Published 17 Jul 2024 in cs.IR

Abstract: LLMs excel in various language tasks but they often generate incorrect information, a phenomenon known as "hallucinations". Retrieval-Augmented Generation (RAG) aims to mitigate this by using document retrieval for accurate responses. However, RAG still faces hallucinations due to vague queries. This study aims to improve RAG by optimizing query generation with a query-document alignment score, refining queries using LLMs for better precision and efficiency of document retrieval. Experiments have shown that our approach improves document retrieval, resulting in an average accuracy gain of 1.6%.

Citations (2)

Summary

  • The paper presents QOQA, a framework that leverages LLM-driven query rephrasing and alignment scoring to reduce hallucinations in RAG systems.
  • It employs BM25, dense, and hybrid scores to evaluate query-document alignment, achieving a notable nDCG@10 score improvement on the SciFact dataset.
  • The approach integrates query expansion and optimization to generate precise queries, thereby enhancing document retrieval and factual grounding in generated responses.
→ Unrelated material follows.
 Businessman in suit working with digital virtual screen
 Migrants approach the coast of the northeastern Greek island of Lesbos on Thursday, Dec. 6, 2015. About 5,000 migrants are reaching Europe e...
Optimizing Query Generation for Enhanced Document Retrieval in RAG

The research introduces an innovative approach to addressing hallucinations in Retrieval-Augmented Generation (RAG) systems by optimizing query generation. RAG combines document retrieval with language generation to improve the factual accuracy of responses by grounding them in external documents. However, existing RAG systems often suffer from vague or ambiguous queries, leading to hallucinations in the generated output. This paper proposes Query Optimization using Query expAnsion (QOQA) to generate precise queries that enhance document retrieval.

Introduction

LLMs have excelled in various NLP tasks, but their susceptibility to generating incorrect information, known as hallucinations, remains a significant challenge. Retrieval-Augmented Generation (RAG) partially mitigates this issue by providing factual grounding through document retrieval. However, inaccurate queries can still result in hallucinations, highlighting a critical limitation in current RAG implementations. The paper addresses this limitation by introducing QOQA, which employs query expansion and optimization to improve the precision of document retrieval in RAG systems by utilizing a query-document alignment score to guide the refinement process. Figure 1

Figure 1: Concept figure of QOQA. Given expansion query with top-k docs, we add top-3 rephrased queries and scores to LLM. We optimize the query based on the scores and generate the rephrased query.
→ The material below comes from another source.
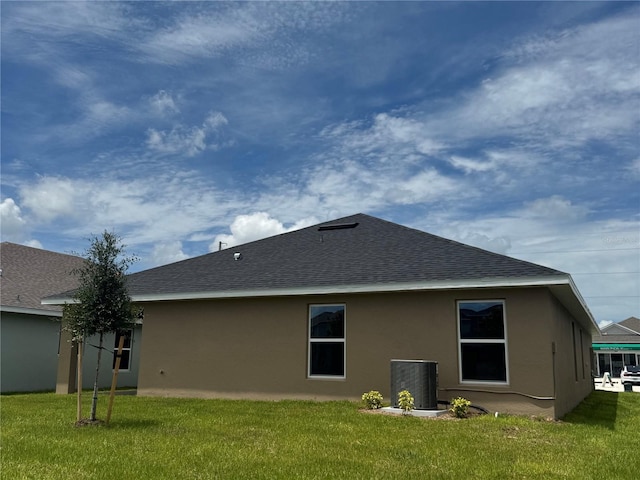 3891 Sagefield Dr, Harmony, FL 34773 - back of house featuring a shingled roof, stucco siding, and a yard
Query Optimization using Query Expansion

Query Optimization with LLM

The QOQA method begins by generating multiple rephrased versions of an original query using a LLM. These rephrased queries are evaluated for their alignment with retrieved documents using a scoring function, and the best-performing rephrased queries are retained. The process involves creating an expanded query that includes information from the top retrieved documents, which helps in generating more precise reformulations. The rephrased queries undergo an optimization process, whereby high-score queries expand the query bucket, improving the overall retrieval precision. Prompt templates (Figure 2) are utilized to dynamically adjust the information provided to the LLM, ensuring the most effective query generation. Figure 2

Figure 2: Prompt template used in QOQA. The black texts describe instructions of the optimizing task. The blue texts show the original query with top-N retrieved documents.
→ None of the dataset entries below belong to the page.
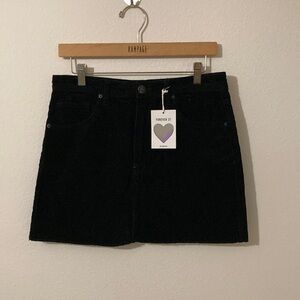 Forever 21 short black corduroy skirt, front zipper Size Large 4 pockets Raw hem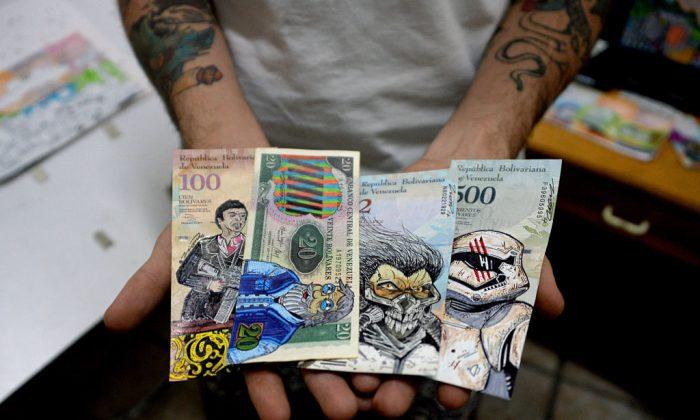 Jose Leon, 26, shows his artwork painted on devalued bolivar bills, at his workshop in San Cristobal, Venezuela, on Feb. 2, 2018. (George Castellanos /AFP/Getty Images)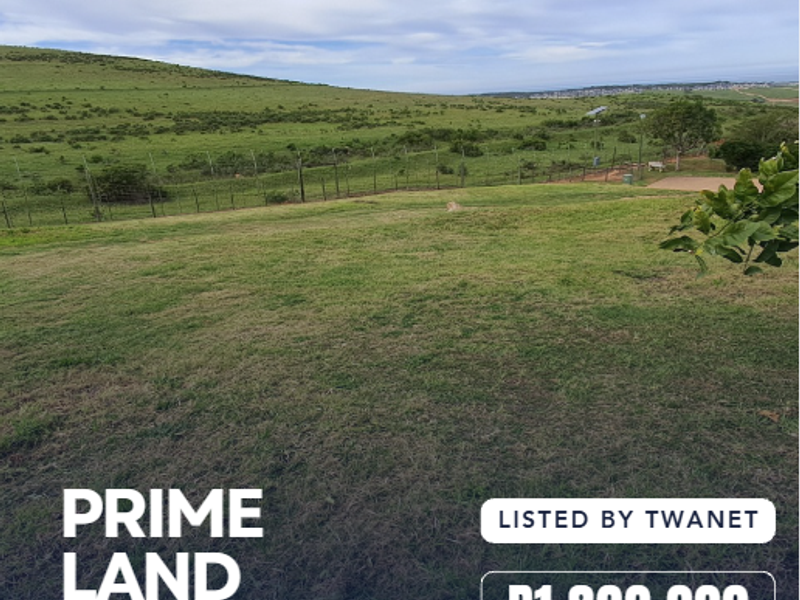 A view of a vacant residential plot featuring grassy terrain and perimeter fencing in a scenic landscape setting.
Query-Document Alignment Score

To evaluate the effectiveness of generated queries, the paper employs three types of alignment scores: BM25 for sparse retrieval, dense retrieval scores based on embedding similarity, and hybrid scores which combine both approaches. The BM25 score utilizes term frequencies and inverse document frequencies to assess query relevance, whereas dense scores leverage vector representation alignment for a more semantic evaluation. Hybrid scores integrate these methodologies, offering a balanced approach to measuring query effectiveness.

Results and Analysis

The research evaluates QOQA on several datasets including SciFact, Trec-Covid, and FiQA, demonstrating that the system improves document retrieval accuracy. In experiments, the QOQA-enhanced retrieval model shows a notable increase in nDCG@10 scores compared to baseline methods, indicating more relevant document retrieval across different domains. For example, using the BM25 score, QOQA achieved an nDCG@10 score of 75.4 on the SciFact dataset, outperforming baseline models.

Case analyses further highlight the effectiveness of QOQA in generating rephrased queries that include precise and relevant keywords (Table 2), resulting in retrieval of documents that align closely with the users' information needs. The ablation studies (Table 3) validate the significance of both the expansion and optimization components, with notable performance drops when either is removed.

Conclusion

The paper presents a robust framework for optimizing query generation in RAG systems through the novel application of query expansion and refinement techniques. By leveraging the power of LLMs to generate and score query rephrasings, QOQA substantially reduces hallucination occurrences by enhancing document retrieval precision. The paper establishes that precise query generation is crucial for improving RAG system reliability. Future work may explore the integration of more sophisticated query refinement techniques and expand the applicability across different RAG use cases.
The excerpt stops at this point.